モグラ談

40代のリベラルアーツ

【映】ハート・ロッカー(キャスリン・ビグロー)

  • ふと戦場ものを観ようとウォッチリストから。キャスリン・ビグロー監督は本作でアカデミー賞女性初の監督賞。主演はMI6、ボーン・レガシージェレミー・レナーガイ・ピアースが登場するも冒頭限り。傭兵役のレイフ・ファインズが限られた出番だがいい味。2008年、131分、米。
  • 戦時下のバグダッドで爆弾処理班のリーダーに就いたジェームズ。経験豊富だが無謀な行動に班員は危険と不安にさらされていく・・・。
  • オープニングから緊張感。荒廃した市街地、街中に仕掛けられた爆弾。携帯から起爆する。周囲の市民がすべて犯人に見える。

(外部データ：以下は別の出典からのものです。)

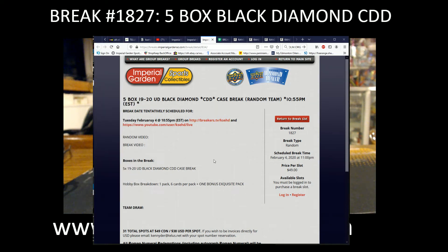Hi everyone, welcome to Imperial Gardens 5 Box Black Diamond, the CDD Random Team Break, 1827.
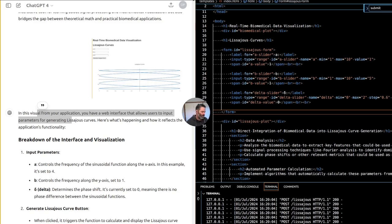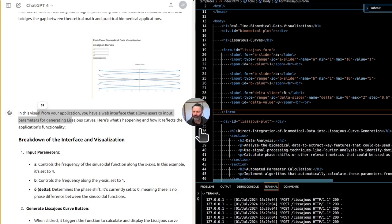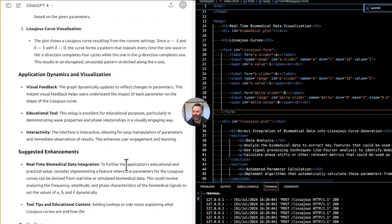Generate Lissajous Curve button. When clicked, it triggers the function to calculate and display the Lissajous curve based on the given parameters.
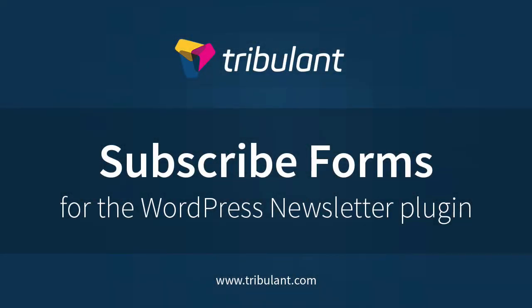We built beautiful new drag-and-drop subscribe forms for the WordPress newsletter plugin, like many form builders you already know.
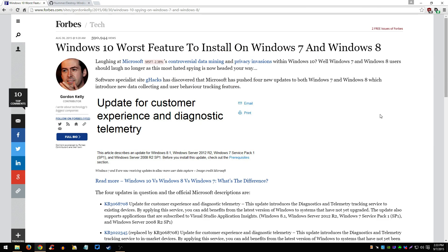Hey, what's up guys? So Microsoft has decided to add telemetry, spying, and data collection and all that bad stuff to Windows 7, Windows 8, and Windows 8.1. So telemetry is not only in Windows 10 now — it's also in Windows 7, 8, and 8.1.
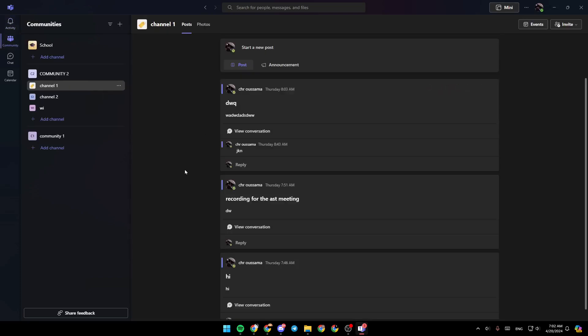Hello everyone and welcome back to a new video. In this video I'm gonna show you guys how you can record a video call in Microsoft Teams. If you want to learn how to do it, just follow the steps that I'm gonna show you.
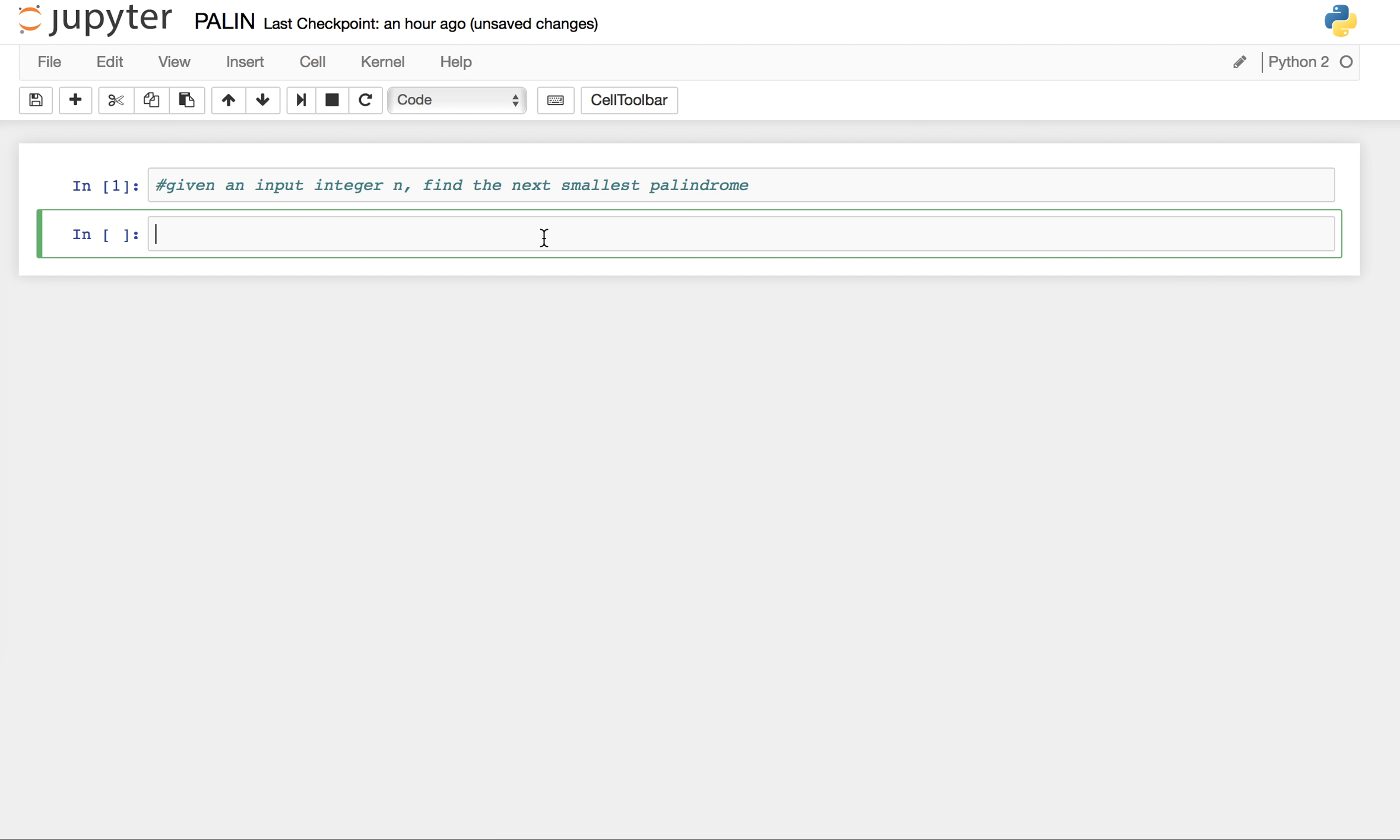In this video we will be looking at the code part of finding the next palindrome when we are given an input integer n. We have already developed intuition for solving this problem in part 1. The link to part 1 is given in the description below.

戦時下の爆弾処理という戦場ものとしてはユニークな設定。シーンも、路上、駐車場、建物内、砂漠など。まるでゲームのシチュエーション設定のよう。
  • 砂漠での狙撃戦は見もの。超遠距離での狙撃。アップとズームアウトの対比。独特の表現。
  • 日々強いられる緊張。仕事として対峙しないといけない極度のストレス。自ら狂わなければ維持できない。人はたやすく狂う。ならばその集合体の世界も容易に狂いうる。そんなことを感じる。
  • 現地のイラク人は人格があるものとして描かれていない。一方的な描写。
  • 任務終了後、家庭に帰る。スーパーのシリアル売り場で、自分の居場所ではないことに気づく主人公。平穏に耐えられない。
  • 争いの愚かさと、その中で麻痺し中毒となる個人。この麻痺や中毒性といった、国家間の軋轢とは異なる次元の動機が争いを支えているというメタファー。